Mit seinem Beschluss vom 30. August 2024 (10 B 444/24) hat der 10. Senat des Oberverwaltungsgerichts Münster entschieden, dass in dem Bau eines Mehrfamilienhauses mit mehreren Stellplätzen für Autos und Fahrräder, die an das Nachbargrundstück grenzen, kein Verstoß gegen das Nachbarrecht vorliegt. Denn die befürchtete Unzumutbarkeit der Lärmimmissionen der Stellplätze konnte nicht festgestellt werden.
Sachverhalt
Im vorliegenden Fall wurde der Antragsgegnerin die Baugenehmigung zur Errichtung eines grenzständigen Mehrfamilienhauses mit mehreren Stellplätzen für PKWs und Fahrräder erteilt. Gegen diese Genehmigung klagte ein Nachbar.
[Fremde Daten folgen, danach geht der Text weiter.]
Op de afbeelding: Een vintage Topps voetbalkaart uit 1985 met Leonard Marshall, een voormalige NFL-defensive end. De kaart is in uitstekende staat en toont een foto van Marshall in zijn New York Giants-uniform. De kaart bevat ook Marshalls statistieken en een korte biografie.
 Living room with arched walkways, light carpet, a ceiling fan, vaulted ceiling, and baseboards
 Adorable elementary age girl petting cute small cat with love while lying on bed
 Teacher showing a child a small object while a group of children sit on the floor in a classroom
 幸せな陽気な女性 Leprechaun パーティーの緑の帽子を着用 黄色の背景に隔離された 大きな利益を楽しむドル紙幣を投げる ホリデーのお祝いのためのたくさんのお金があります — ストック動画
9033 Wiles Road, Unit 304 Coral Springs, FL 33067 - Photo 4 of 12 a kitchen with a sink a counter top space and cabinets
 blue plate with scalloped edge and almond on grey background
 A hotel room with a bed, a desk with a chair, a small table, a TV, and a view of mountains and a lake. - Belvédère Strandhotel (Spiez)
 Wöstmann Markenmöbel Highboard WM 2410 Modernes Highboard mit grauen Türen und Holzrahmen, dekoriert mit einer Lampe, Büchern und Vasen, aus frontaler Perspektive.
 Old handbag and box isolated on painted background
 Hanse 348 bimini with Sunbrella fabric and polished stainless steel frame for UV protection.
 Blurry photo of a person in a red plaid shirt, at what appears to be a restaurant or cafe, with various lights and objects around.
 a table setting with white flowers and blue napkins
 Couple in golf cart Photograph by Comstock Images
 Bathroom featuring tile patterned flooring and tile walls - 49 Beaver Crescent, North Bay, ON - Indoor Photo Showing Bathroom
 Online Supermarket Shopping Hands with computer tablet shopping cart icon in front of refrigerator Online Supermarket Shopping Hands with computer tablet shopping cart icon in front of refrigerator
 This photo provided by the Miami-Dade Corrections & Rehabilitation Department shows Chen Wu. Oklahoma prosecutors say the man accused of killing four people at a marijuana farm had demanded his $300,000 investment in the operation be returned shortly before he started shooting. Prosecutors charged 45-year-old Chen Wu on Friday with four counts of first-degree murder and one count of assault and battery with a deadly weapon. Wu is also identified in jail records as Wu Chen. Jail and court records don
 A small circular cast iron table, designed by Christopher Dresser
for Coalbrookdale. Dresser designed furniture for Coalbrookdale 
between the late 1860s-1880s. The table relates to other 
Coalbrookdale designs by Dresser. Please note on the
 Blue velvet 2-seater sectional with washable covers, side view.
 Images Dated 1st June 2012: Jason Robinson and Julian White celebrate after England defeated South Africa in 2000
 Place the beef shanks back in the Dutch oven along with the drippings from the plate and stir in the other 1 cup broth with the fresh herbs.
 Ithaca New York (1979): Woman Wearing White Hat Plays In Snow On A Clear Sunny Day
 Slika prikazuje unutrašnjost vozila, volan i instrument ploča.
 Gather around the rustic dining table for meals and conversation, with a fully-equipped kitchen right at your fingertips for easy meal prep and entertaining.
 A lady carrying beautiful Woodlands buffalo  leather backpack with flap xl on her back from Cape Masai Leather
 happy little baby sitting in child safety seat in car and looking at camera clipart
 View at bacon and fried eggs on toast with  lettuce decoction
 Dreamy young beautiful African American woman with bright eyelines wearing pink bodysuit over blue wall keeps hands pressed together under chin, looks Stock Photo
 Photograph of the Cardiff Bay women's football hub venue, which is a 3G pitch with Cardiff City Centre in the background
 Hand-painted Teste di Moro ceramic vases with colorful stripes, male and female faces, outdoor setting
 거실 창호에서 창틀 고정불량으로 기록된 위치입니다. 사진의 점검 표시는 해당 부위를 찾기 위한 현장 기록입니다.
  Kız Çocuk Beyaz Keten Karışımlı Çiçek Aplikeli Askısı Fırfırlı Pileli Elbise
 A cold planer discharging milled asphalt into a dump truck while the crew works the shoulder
Seiner Ansicht nach werde er durch den Bau des Vorhabens in der Nutzung seines Gebäudes teilweise beeinträchtigt und dass die vorgesehenen Stellplätze ihm gegenüber rücksichtslos und mit unzumutbaren Lärmimmissionen verbunden seien.
Das Verwaltungsgericht sprach in erster Instanz die aufschiebende Wirkung des Widerspruchs aus, da aus Sicht des Gerichts das Interesse des Antragsstellers auf Aussetzen überwog.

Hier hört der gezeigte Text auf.